Unholy
Marriage:
Ideology,
Totalitarianism and the Soviet Project
Part II
Anger
is the readiest response to some of the revisionist discussions of Stalin’s
era. “Social historians” like Sheila Fitzpatrick and the other members
of the so-called “new cohort” of historians try to analyze Stalin’s totalitarian
regime from the point of view of the people, striving to remove the nature
of the regime from the equation. Part of their reasoning behind de-emphasizing
totalitarianism (or arguing it didn’t exist) is a desire to avoid an anti-Soviet
“Cold War bias” they attribute to traditional Sovietologists.

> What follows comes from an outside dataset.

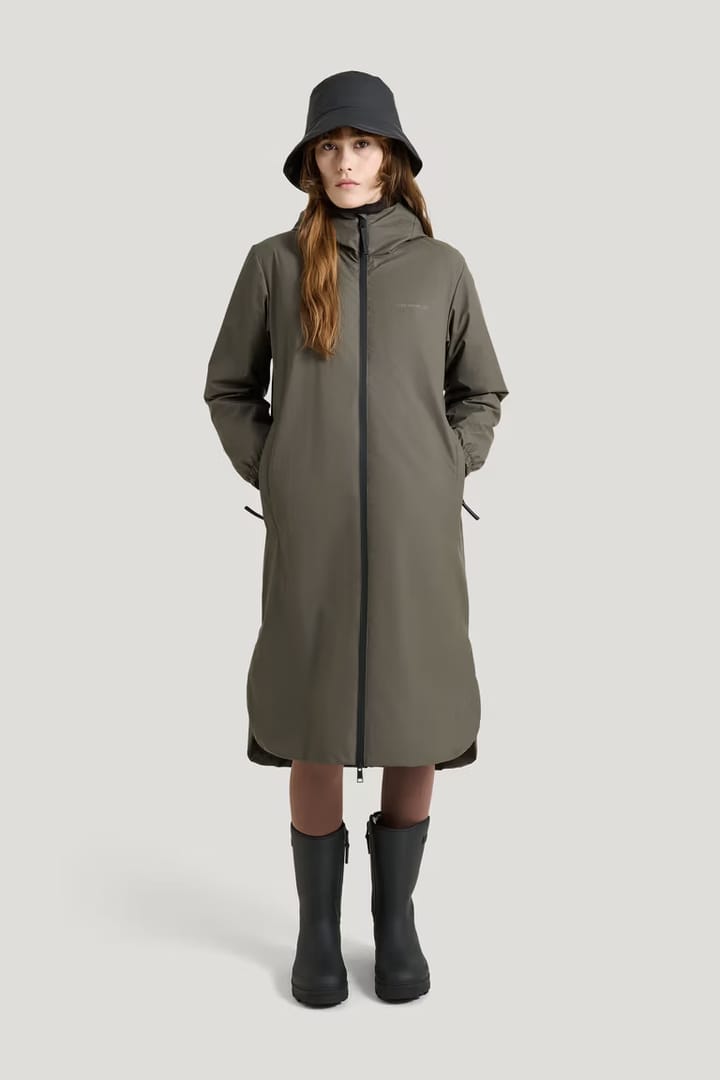 Tretorn Women's Ruby Insulated Raincoat Beluga Tretorn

At the risk of hyperbolizing, a value-neutral view of Stalin seems about
as smart as a value-neutral view of Nazism.
In his
review of Francois Furet’s The Passing of an Illusion: The Idea of Communism
in the Twentieth Century, Michael Ignatieff gets the failure of so
many post-WWII Sovietologists exactly right. By turning the Holocaust into
“the unique moral abomination of the century,” it became difficult to adequately
condemn the Soviet experiment’s most tragic results. Besides,
“Uncle Joe” was our ally in WWII, and no amount of anti-communist rhetoric
could airbrush him out of the Yalta family photos. Hitler forced
the West to make a pact with the lesser of two great evils, and the guilt
over our complicity in the fate of Central Europe, largely deserved, means
we have never been able to escape the temptation to minimize Stalin’s crimes.
That minimization
is the most dangerous pitfall inherent in the “new cohort” approach.

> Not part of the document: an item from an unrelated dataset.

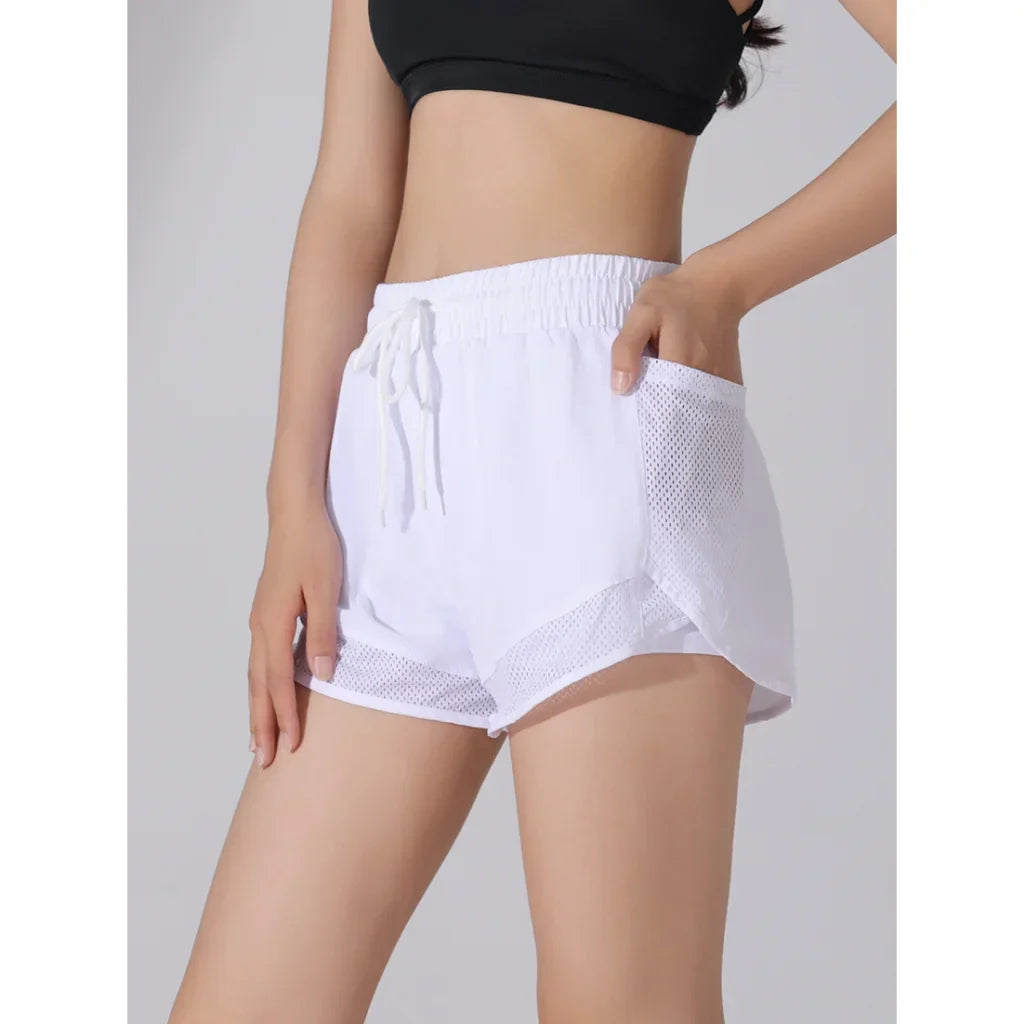 WW | Hoch Taillierte Sommer Sport Shorts Für Damen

As Stephen Cohen (no revisionist when it comes to Stalin) points out, the
effort to avoid bias by not analyzing the Soviet regime often lead these
social historians to overlook Stalin’s crimes entirely.
In all of [the new cohort’s]
publications to date, the terror is ignored, obscured, or minimized ...
by emphasizing the transcendent importance of other developments, by disdaining
relevant sources; by citing very low estimates of its casualties; by defining
it mainly as the purge of 1937-38; by treating it as a quirky form of bureaucratic
‘tensions’ and administrative housekeeping; or by using such euphemisms
as ‘state coercion’ and ‘involuntary mobility.’
One example
of this averted gaze should suffice. “Soviet society actually underwent
a Great Simplification in the course of Stalin’s ‘revolution from above’
at the beginning of the 1930s,” Fitzpatrick writes, using remarkably neutral
euphemisms for the mass starvation that Stalin’s forced collectivization
of the Russian and Ukrainian peasantry caused. “Kulaks, nepman, and
small traders disappeared from the roster, groups like artisans and peasants
were dispersed, and collectivization leveled old distinctions within the
peasantry.”
Though
Fitzpatrick is discussing the changes in Soviet class structure, it is
worth asking a question she fails to answer – where did the kulaks go?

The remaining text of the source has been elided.